Let us shift from France to Germany before we get back to England again, and conclude with a few words about our hopes at the present day. To Germany we owe the school of economists, at whose head stands the name of Karl Marx, who have made modern Socialism what it is: the earlier Socialist writers and preachers based their hopes on man being taught to see the desirableness of co-operation taking the place of competition, and adopting the change voluntarily and consciously, and they trusted to schemes more or less artificial being tried and accepted, although such schemes were necessarily constructed out of the materials which capitalistic society offered:
but the new school, starting with an historical view of what had been, and seeing that a law of evolution swayed all events in it, was able to point out to us that the evolution was still going on, and that, whether Socialism be desirable or not, it is at least inevitable. Here then was at last a hope of a different kind to any that had gone before it; and the German and Austrian workmen were not slow to learn the lesson founded on this theory; from being one of the most backward countries in Europe in the movement, before Lassalle started his German workman's party in 1863, Germany soon became the leader in it: Bismarck's repressive law has only acted on opinion there, as the roller does to the growing grass--made it firmer and stronger; and whatever vicissitudes may be the fate of the party as a party, there can be no doubt that Socialistic opinion is firmly established there, and that when the time is ripe for it that opinion will express itself in action.

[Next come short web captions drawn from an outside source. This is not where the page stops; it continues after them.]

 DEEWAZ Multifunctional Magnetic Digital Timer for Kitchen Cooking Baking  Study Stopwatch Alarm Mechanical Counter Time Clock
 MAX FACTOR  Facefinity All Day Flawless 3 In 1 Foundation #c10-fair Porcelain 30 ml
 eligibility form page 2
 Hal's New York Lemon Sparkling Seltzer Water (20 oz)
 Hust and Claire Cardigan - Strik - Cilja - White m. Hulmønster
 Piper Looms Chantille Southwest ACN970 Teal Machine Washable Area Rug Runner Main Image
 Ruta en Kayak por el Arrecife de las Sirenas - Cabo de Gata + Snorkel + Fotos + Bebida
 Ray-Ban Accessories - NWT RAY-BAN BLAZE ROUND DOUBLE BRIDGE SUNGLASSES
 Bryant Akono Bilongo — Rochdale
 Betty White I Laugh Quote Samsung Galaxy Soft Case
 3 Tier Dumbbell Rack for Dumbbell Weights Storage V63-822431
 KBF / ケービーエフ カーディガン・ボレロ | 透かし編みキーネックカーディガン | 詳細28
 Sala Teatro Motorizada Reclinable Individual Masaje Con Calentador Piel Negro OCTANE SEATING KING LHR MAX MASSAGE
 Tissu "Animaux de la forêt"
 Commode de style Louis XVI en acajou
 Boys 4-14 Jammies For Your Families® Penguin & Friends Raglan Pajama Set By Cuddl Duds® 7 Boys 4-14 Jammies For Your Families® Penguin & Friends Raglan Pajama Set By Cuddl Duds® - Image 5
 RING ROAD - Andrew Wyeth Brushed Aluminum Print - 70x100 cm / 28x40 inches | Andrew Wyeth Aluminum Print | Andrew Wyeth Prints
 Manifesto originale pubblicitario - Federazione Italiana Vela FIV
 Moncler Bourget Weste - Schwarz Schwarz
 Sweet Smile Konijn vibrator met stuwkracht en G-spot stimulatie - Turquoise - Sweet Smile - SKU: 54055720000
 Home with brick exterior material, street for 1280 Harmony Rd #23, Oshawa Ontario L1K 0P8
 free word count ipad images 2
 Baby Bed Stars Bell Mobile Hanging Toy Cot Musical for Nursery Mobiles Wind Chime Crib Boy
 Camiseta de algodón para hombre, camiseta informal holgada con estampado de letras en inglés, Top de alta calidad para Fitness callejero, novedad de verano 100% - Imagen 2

Now, in all I have been saying, I have been wanting you to trace the fact that, ever since the establishment of commercialism on the ruins of feudality, there has been growing a steady feeling on the part of the workers that they are a class dealt with as a class, and in like manner to deal with others; and that as this class feeling has grown, so also has grown with it a consciousness of the antagonism between their class and the class which employs it, as the phrase goes; that is to say, which lives by means of its labour.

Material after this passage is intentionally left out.